Auto, il crollo delle vendite Confindustria: emergenza sociale
Si dimezzano a maggio le immatricolazioni auto. Risale l’indice della manifattura
Ancora una doppia cifra con un meno davanti per la produzione industriale italiana. Rispetto al mese scorso, con la riapertura delle attività, va meno peggio: -33,8% a maggio (rispetto ad un anno fa) contro il -44,3% di aprile. Ma, spiega il Centro studi di Confindustria diffondendo la sua indagine mensile, si tratta di «un effetto statistico» che «non deve essere interpretato come una robusta ripresa, tutt’altro». Perché le previsioni non fanno ben sperare e questo nonostante la fine della quarantena e la ripartenza di quasi tutte le attività.

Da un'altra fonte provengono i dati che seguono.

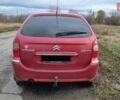 Красный Ситроен Ксара Пикассо, объемом двигателя 2 л и пробегом 320 тыс. км за 5200 $, фото 34 на Automoto.ua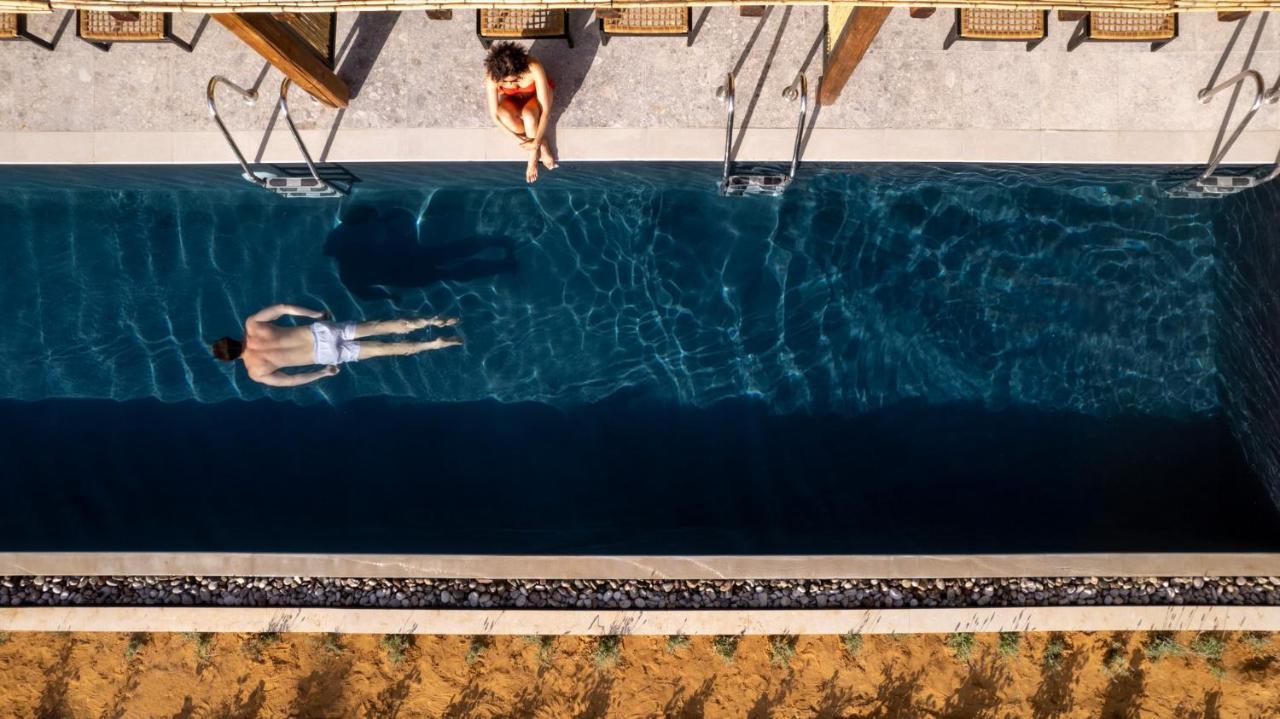Double Swim up Pool Rooms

Rispetto al primo trimestre 2020, la produzione segna un meno 27,7%, ma nel prossimo, se anche continuasse «la lenta ripresa della domanda», la situazione continuerebbe ad essere molto grave.
E il mercato dell’auto segna un nuovo tracollo: -50,45% le immatricolazioni rispetto ad un anno fa: meno di 100 mila le auto immatricolate (99.711) in maggio contro le 197.881 del maggio 2019. Un dato migliore rispetto alle 4.292 immatricolate nel mese di aprile in pieno lockdown, ma certo del tutto insufficiente per risollevare un settore che già da anni soffre una profonda crisi. Per il gruppo Fca il calo nel solo mese di maggio è arrivato al 57,22% (nei primi 5 mesi del 2020 è del 51,9%).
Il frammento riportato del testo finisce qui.